New Docuseries Goes Inside Motorcycle Gang


“Exterminate all the brutes!” With these words, borrowed from Joseph Conrad’s Heart of Darkness, Hunter S. Thompson concluded his violent, macabre 1967 book Hell’s Angels: A Strange and Terrible Saga. Thompson had spent months with the outlaw biker gang and ultimately paid for his persistence when members gave him a brutal beatdown (which, Thompson being Thompson, he seemed to enjoy just a little). The king of Gonzo had gotten closer to the Angels’ inner sanctum than just about anyone else had, a feat that the new A&E docuseries Secrets of the Hells Angels (premiering Sunday) tries to replicate in a smaller, safer, and slicker way.

The Angels, founded in 1948 in San Bernardino County in a climate of postwar disillusion and rebellion, have often presented two very different public faces. We’re just a fun-loving motorcycle club, says one. The other is more honest. Murder, rape, and drug-running have long been widely acknowledged as part of the Angels M.O. This is the stuff with which the new series is concerned, at least the premiere episode made available to journalists. As Thompson discovered more than 50 years ago, you trifle with these people at your own grave risk.

Episode one, “Hell’s Agent,” tells the story of Jay Dobyns, a big, burly ATF agent who infiltrated the Angels in Arizona and came close to losing his mind and soul. Dobyns, along with fellow agent Jenna Maguire (playing the part of Dobyns’ old lady), receives his assignment in the wake of an all-out brawl and shootout between Angels and the rival Mongol gang in the middle of a Laughlin, Nevada casino that left three dead in 2002. (Surveillance video of the throwdown depicts a war zone of leather, fists and bullets; this was not a good day to be trying your luck at the slots). Dobyns describes the byzantine process by which one gains his official Angels patch — as he says with deadpan wryness, “For an organization that doesn’t wanna live by rules, they’ve got a lot of rules— before detailing the caper that ultimately earned the gang’s trust: With the help of fellow ATF agents and some leftovers from a local butcher shop, Dobyns faked the murder of a Mongol and took credit for the kill. This is the kind of initiative the Angels appreciate.


The Dobyns story has the makings of a taut feature film, replete with psychological tension (Dobyns digs into how hard it is to live life as a ruthless biker without starting to think and feel like one) and lots of action. Think Donnie Brasco on a Harley. As-is, the episode boasts a pretty standard A&E aesthetic, with talking heads (including former members and chapter presidents), reenactments and a steadily building narrative. The big boon here is the ATF footage, which shows everything from Dobyns’ interactions with the Angels he’s trying to impress to  behind-the-scenes preparation for the fake Mongol murder, which plays out like a Hollywood stunt (drag the body over here! Spurt the blood over there!).   

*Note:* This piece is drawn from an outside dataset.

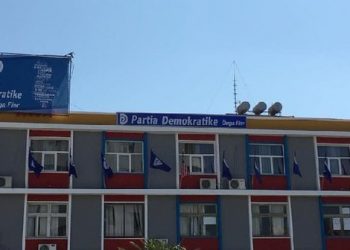 Vijon ndarja,  Alibeaj shpall kandidaten për bashkinë Fier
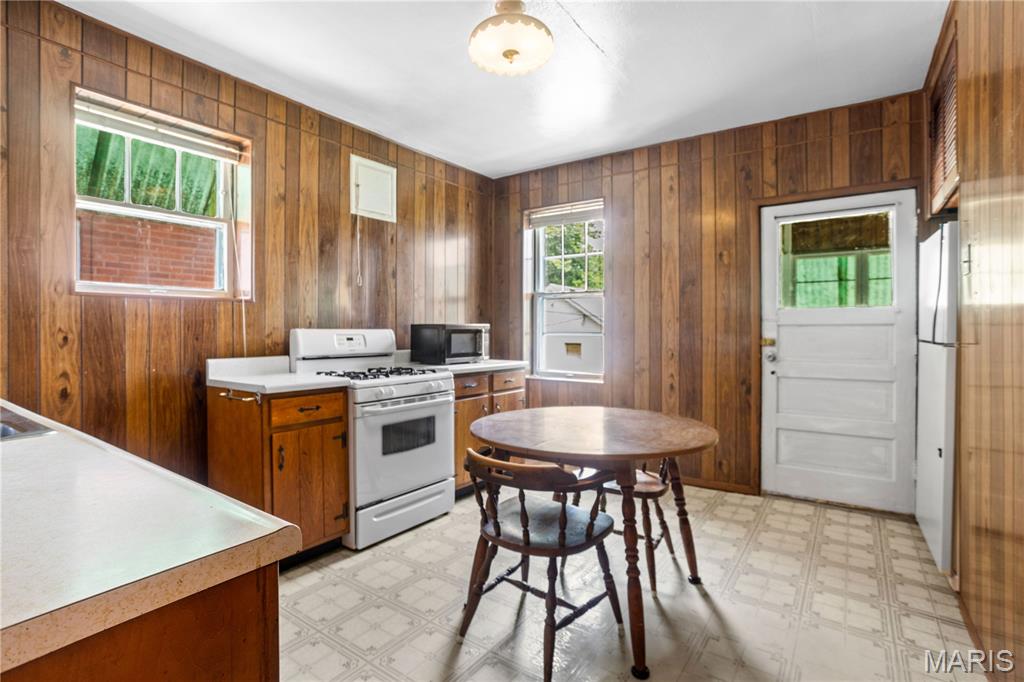 Holly Hills Add 02 - Residential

Future episodes, each one hour long, will tackle subjects including an Angels plot to assassinate Mick Jagger (the Angels were responsible for the stabbing death of concertgoer Meredith Hunter at the infamous 1969 Rolling Stones concert at Altamont Speedway, after which Jagger was critical of the Angels and vowed to never again use them as security), and the trials of Noel Barger, the ex-wife of Angels kingpin Sonny Barger. With a history stretching back 76 years, and chroniclers like Thompson who have both burnished and punctured their mythology, the Angels would seem to have no shortage of stories, if not secrets, to fill the small screen. Despite the famous imperative, their legend has yet to be exterminated.